Wachovia Faces $3 Billion Fourth Quarter Writedown

07Dec07

Wachovia Corp. could write down $3 billion worth of debt-related securities in the fourth quarter, cutting profit to a mere $3 million, according to analysts at Sanford C. Bernstein & Co.

“This will wipe out fourth-quarter earnings,” New York-based analysts Howard Mason and Michael Howard wrote in a note to investors Thursday.

The Charlotte-based bank earned $2.3 billion in the fourth quarter last year, but recent mortgage-related losses have put a dent in earnings, with third quarter profit falling 10 percent from year-ago levels after a $1.3 billion writedown.

On November 9th, Wachovia also said it wrote down the value of its collateralized debt obligations by $1.1 billion in October and set aside $600 million for fourth quarter loan losses.
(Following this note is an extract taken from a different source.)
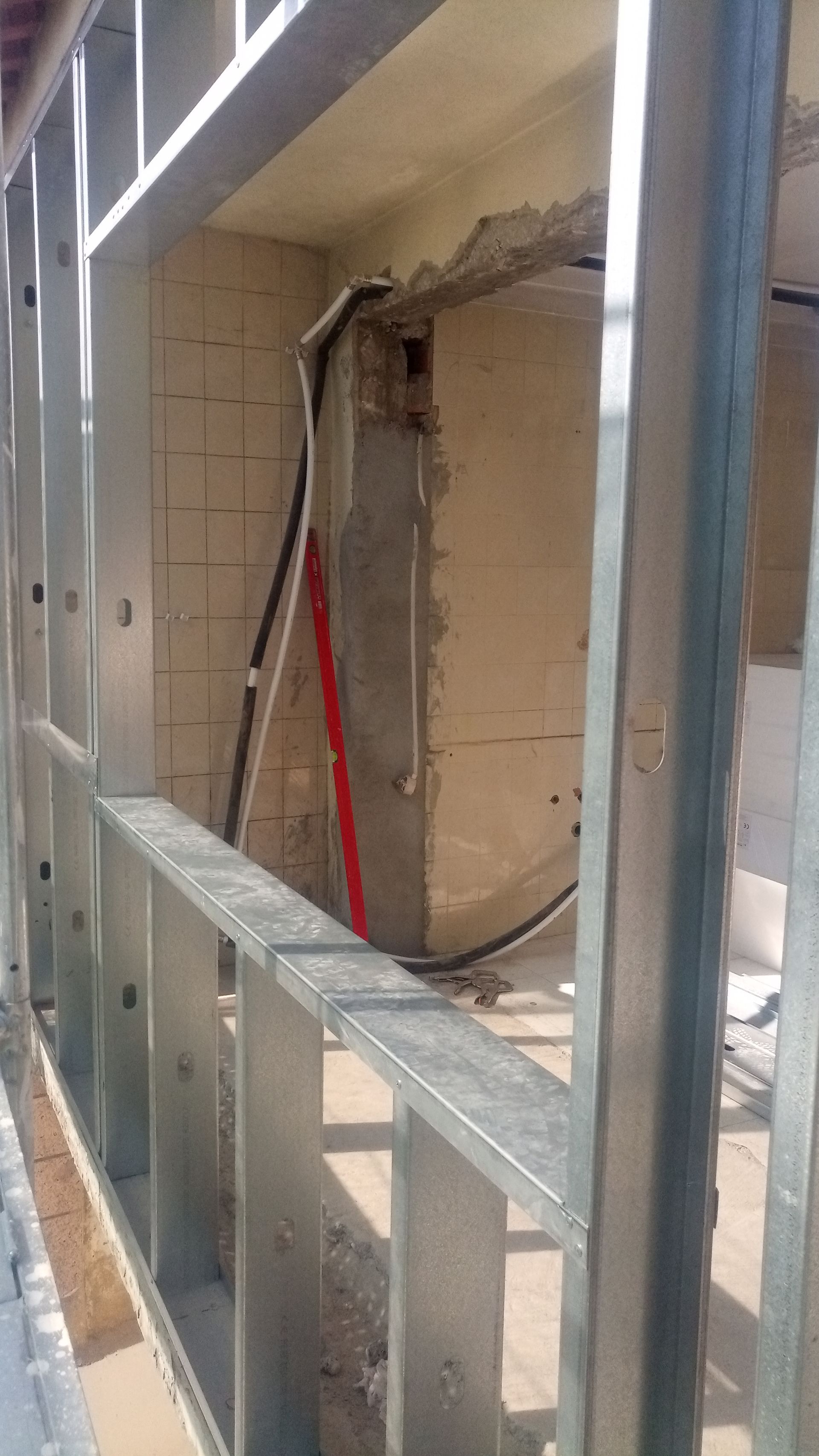 Estrutura metálica de uma parede com fiação elétrica visível e uma parede parcial de concreto em um canteiro de obras.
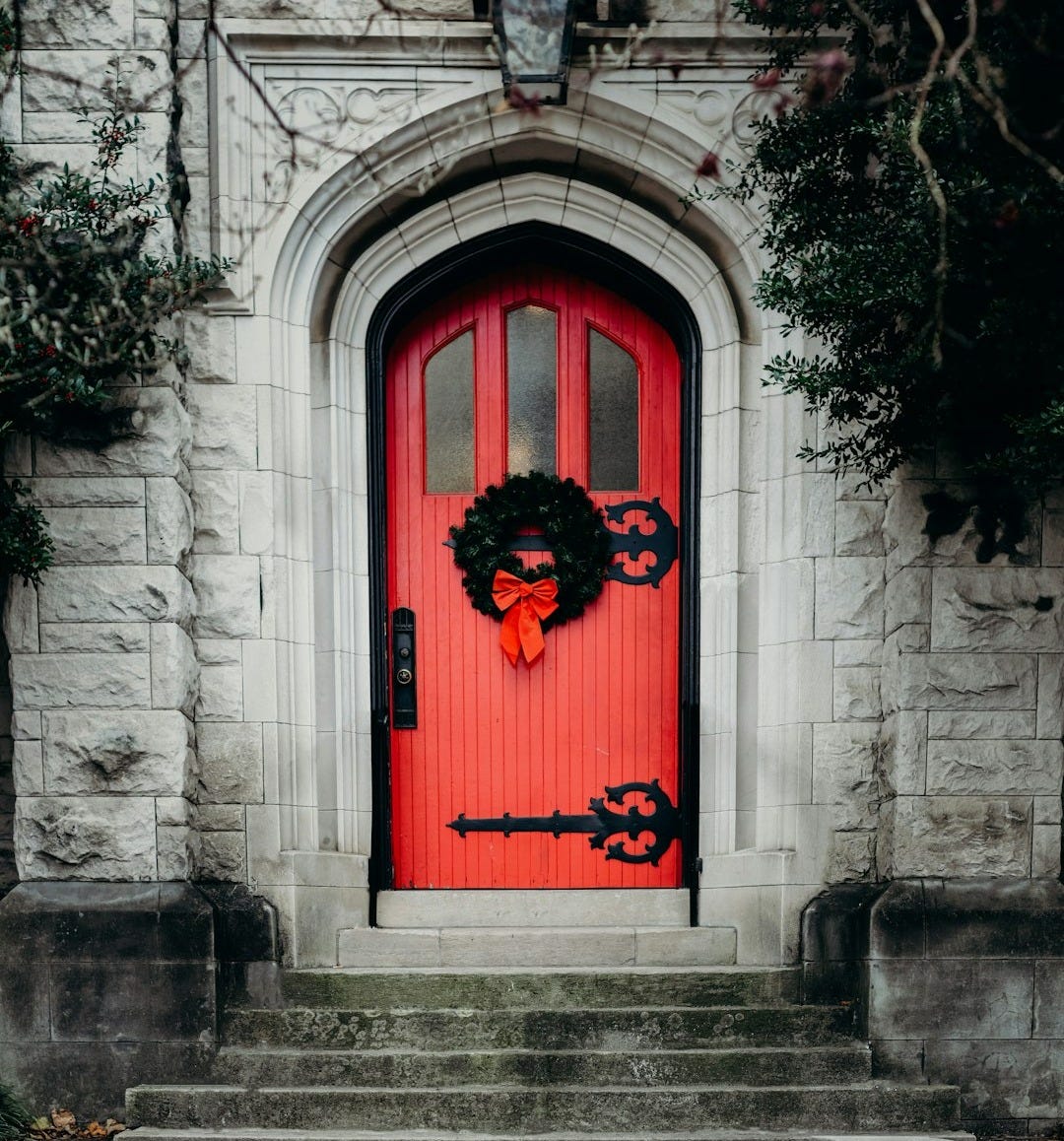 close-up photo of red wooden door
In late January, Wachovia closed its subprime mortgage division, Equibanc, after “an intensive strategic review of its mortgage business,” but still run its wholesale mortgage unit Vertice.

Wachovia, the fourth largest bank in the U.S., bought World Savings, which was the nation’s second-largest savings and loan association, for $25.5 billion in October of 2006.

Shares of Wachovia were down 89 cents, or 2.02%, to $43.18 in late trading Friday, well below their 52-week high of $58.80.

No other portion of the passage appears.